Un testigo culpable que había huido sin querer ver. Que no había llegado a presenciar cómo caía. Y que, sin embargo, a pesar de no haber visto cómo se despeñaba el cuerpo, inerme, golpeado por los saledizos y las rocas cortantes, a pesar de su voluntaria ceguera, había terminado sufriendo una conmoción brutal. Su capacidad para visualizar, para reconstruir mentalmente lo que no había querido contemplar, logró que su mente se poblara de horribles imágenes concebidas por ella, de representaciones pavorosas de lo que Sara creía que había ocurrido. Y, lo que era aún peor, que su inagotable tendencia hacia el remordimiento y la autorrecriminación la empujara hacia un abismo semejante a aquél por el que se había ido a despeñar el cuerpo que poblaba, invariablemente, sus más atroces pesadillas.

3

Los primeros días que Olivia pasó en la casa estuvieron presididos por la confección de innumerables listas trazadas en pedazos de papel que luego ella iba dejando por encima de cualquier mesa. En un salón, en alguno de los dormitorios… Apuntaba lo que tenían que comprar:

Pilas. Mantequilla. Pasta de dientes.

Estropajos. Zapatillas para el invierno.

Cada objeto anotado se hacía de pronto imprescindible. Un azucarero para no tener que servirse de los inmanejables paquetes de papel que provocaban, continuamente, que el azúcar cayera al suelo cada vez que se echaban su habitual cucharadita en sus habituales tazas de té; agua oxigenada; una escalera más alta; tiritas; bobinas de hilo y agujas. Harina…

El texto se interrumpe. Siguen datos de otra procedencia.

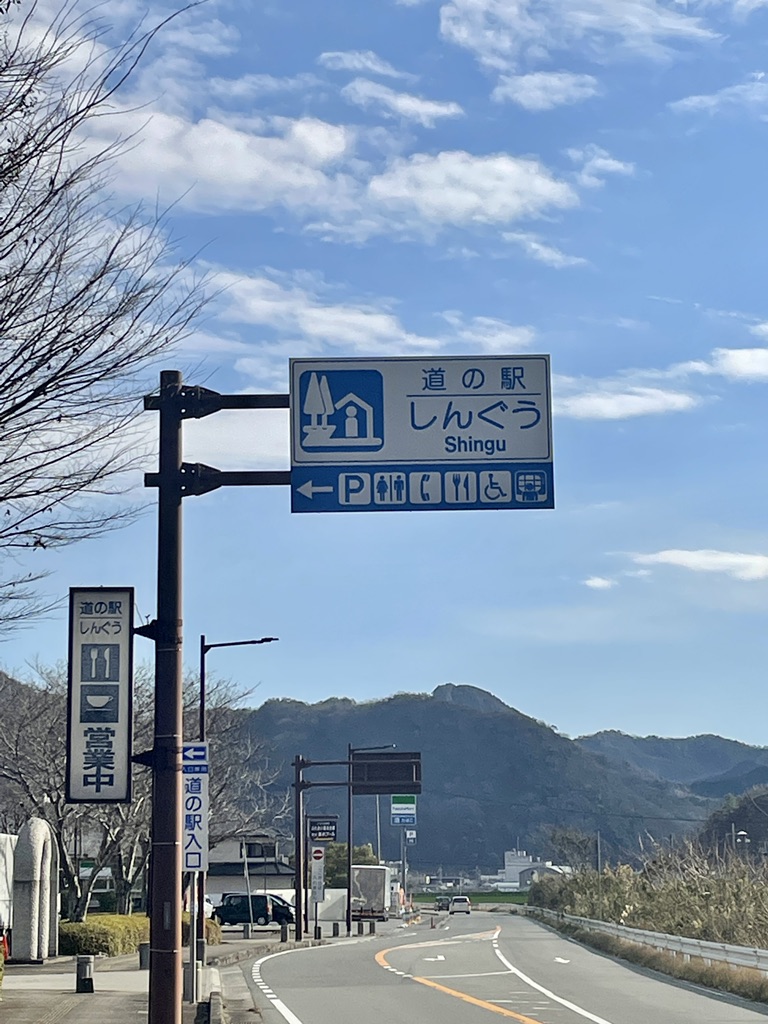 道の駅 しんぐうの写真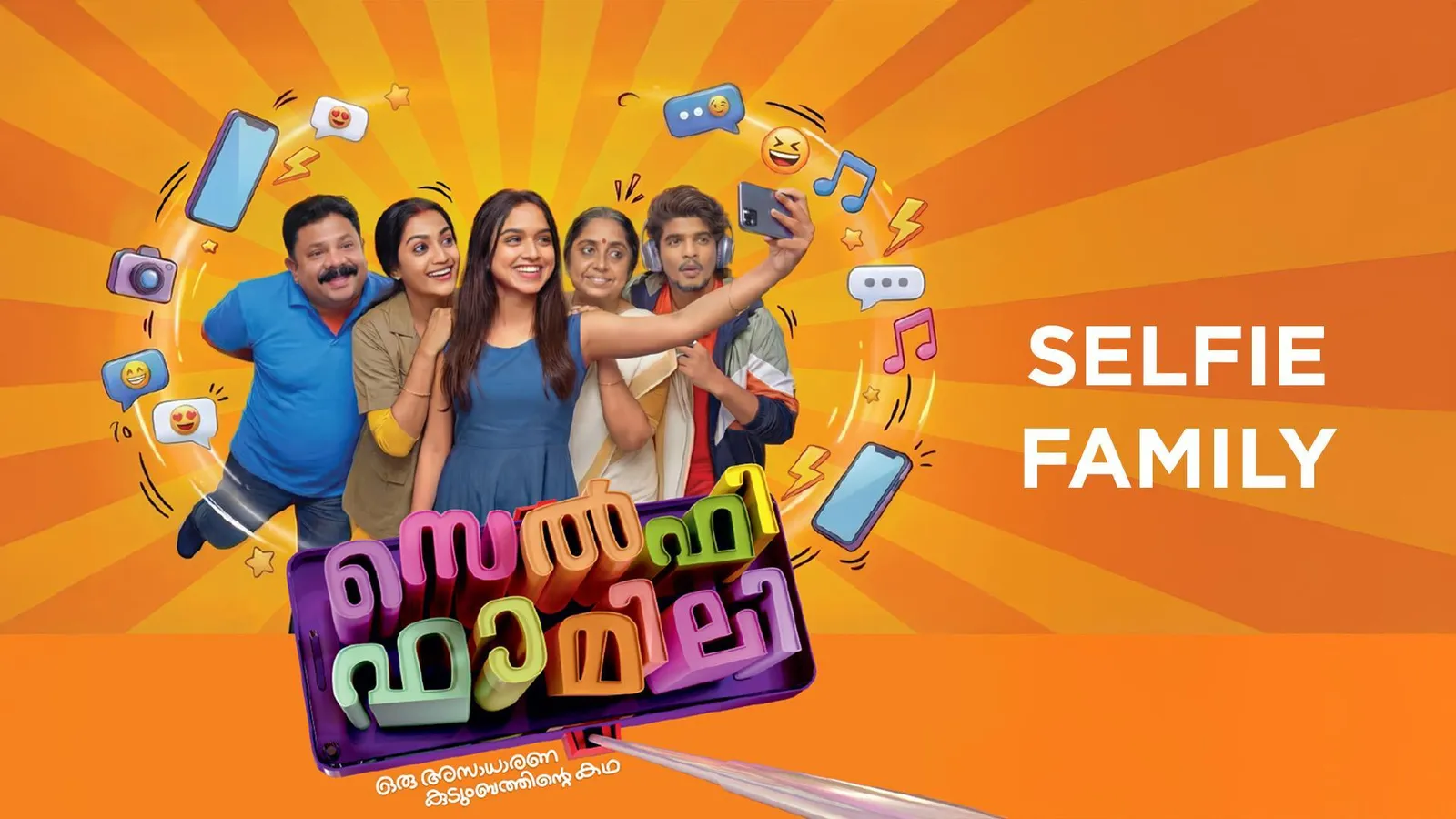 Selfie Family TV Show: Watch Latest Free Episodes Online | Airtel ...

Sus conversaciones solían ser poco trascendentes. Hablaban en voz baja y como sin desear hacerlo. Cuando se encontraban en uno de los pasillos, tal vez el más largo y estrecho de la casa, tan pobremente iluminado, después de su lacónico saludo —buenos días o buenas noches—, una podía comentar que había leído en el periódico que el Sistema Solar no pertenecía ya a la Vía Láctea, sino a otra galaxia mucho más pequeña que ni siquiera se podía ver desde la Tierra.

—¿Y esa minúscula galaxia en la que ahora nos sitúan posee su propio agujero negro?

—Seguramente. Sí… Seguramente.

Aquel seguramente resultaba terrorífico para ambas.